Nice presentation; thanks for sharing.

>Many expect a transition to IPv6 will not occur soon.

And many would be wrong, though it's been 13 years in the making.
Rapid growth of the internet in the face of native v6 being better +
faster + cheaper than carrier NAT is going to change that.  IPv4
exhaustion matters.

On the IPSEC front, it might be worth pointing out that the
interesting  security issues such as rampant endpoint insecurity
regardless of network protocol, immature v6 protocol stacks, and lack
of v6 feature parity have nothing to do with IPSEC.  Meanwhile, if
those living in a Windows monoculture who find "direct access" VPN's
helpful might actually lead to a handful of IPSEC deployments.

In addition to the point that dual-stack hosts create v6
vulnerabilities in supposedly v4-only networks, it might
be worth emphasizing a few more of the implications of
living in a dual-stack world, such as:
  * Carrier-grade / Large scale NAT devices mean that v4 forensics
    has to change: you can't track an attacker based on IP address
    unless you also know the timestamp, protocol, and port numbers.
  * v6-mostly web sites aren't yet usually v6-only, so you need dual-
    stacked packet traces to see what clients actually pulled down.

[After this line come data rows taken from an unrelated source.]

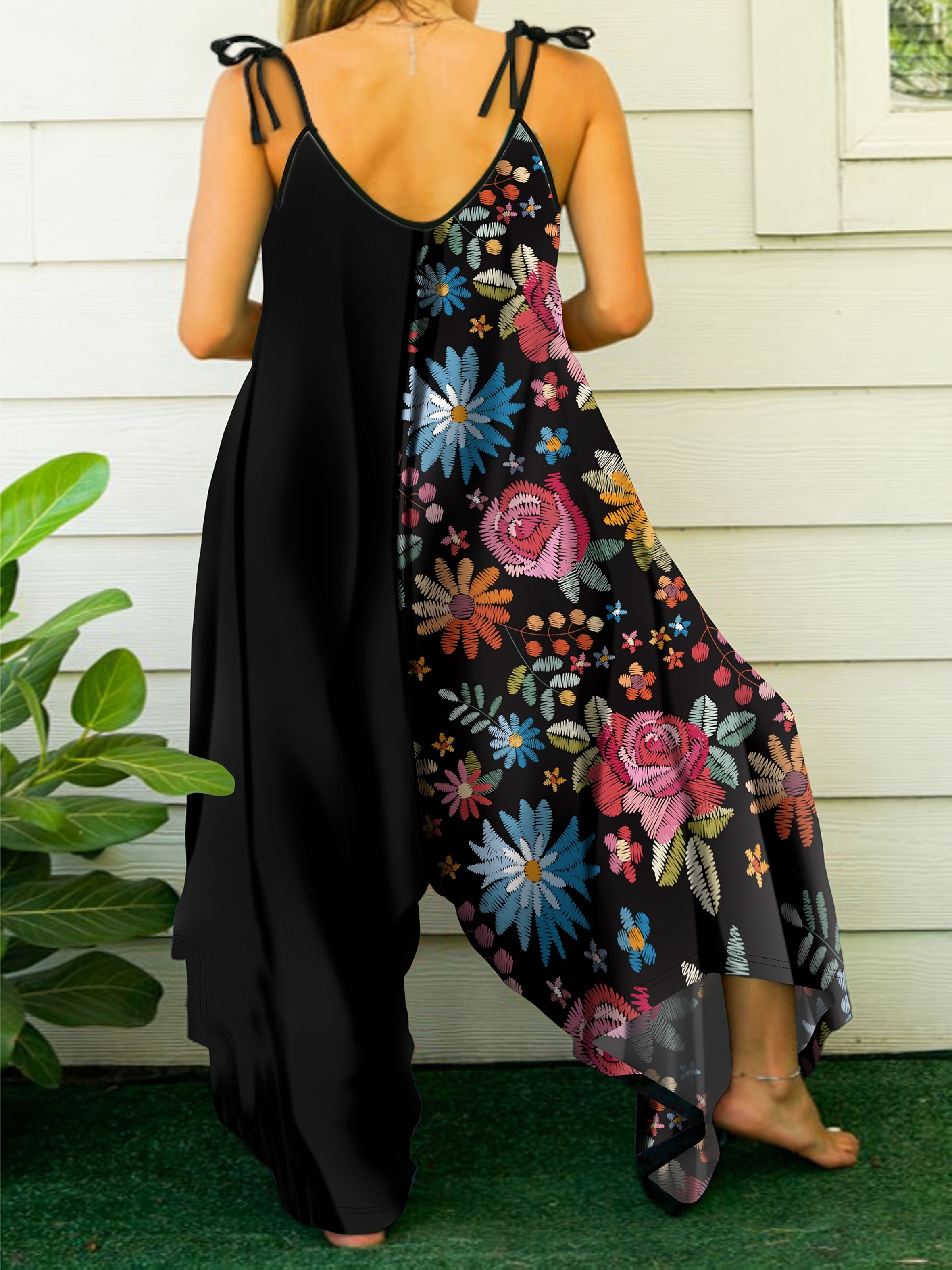 Plus Size Women's Floral Print Jumpsuit Polyester Spandex Slim Fit Summer Dress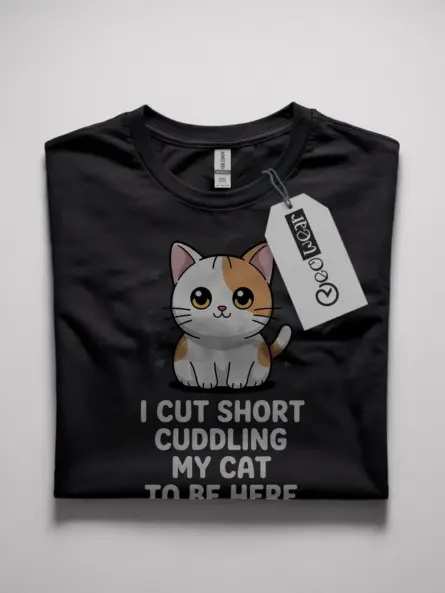 Kawaii cat shirt in black – funny pet lover tee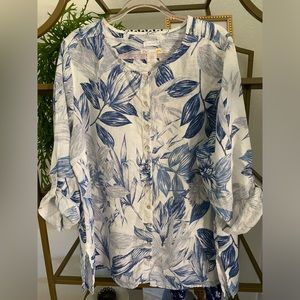 C&C California Blue & White Button Front Linen tunic  great pre loved condition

  * The plethora of protocols and addresses (v4, v6; link-scope,
    global-scope; unicast, multicast) in simultaneous use means
    network forensics will have to be based on port-snooping.

Jim Small:
> ... RDNSS ... likely ... will be ... in WIndows 8

Anyone willing to bet against "happy eyeballs" (race parallel v6 and
v4, deliver the winner) also being in windows 8, given that Google
Chrome, Firefox, and OS-X 10.7 already have it?  I've been pleasantly
surprised by how fast it's deploying.

> ...  Those who think that IPv6 is years away [are] in for a rude
> awakening shortly.

Amen, brother.

Add AT&T U-verse customers to the list of those about to get IPv6 in
the US, too. World IPv6 day in France saw 3% v6 traffic on the
backbone; French ISP's have been earlier than most in completing v6
rollouts.  Sadly, my own ISP is dragging its feet; happily, my
employer already offers a dual-stacked VPN service.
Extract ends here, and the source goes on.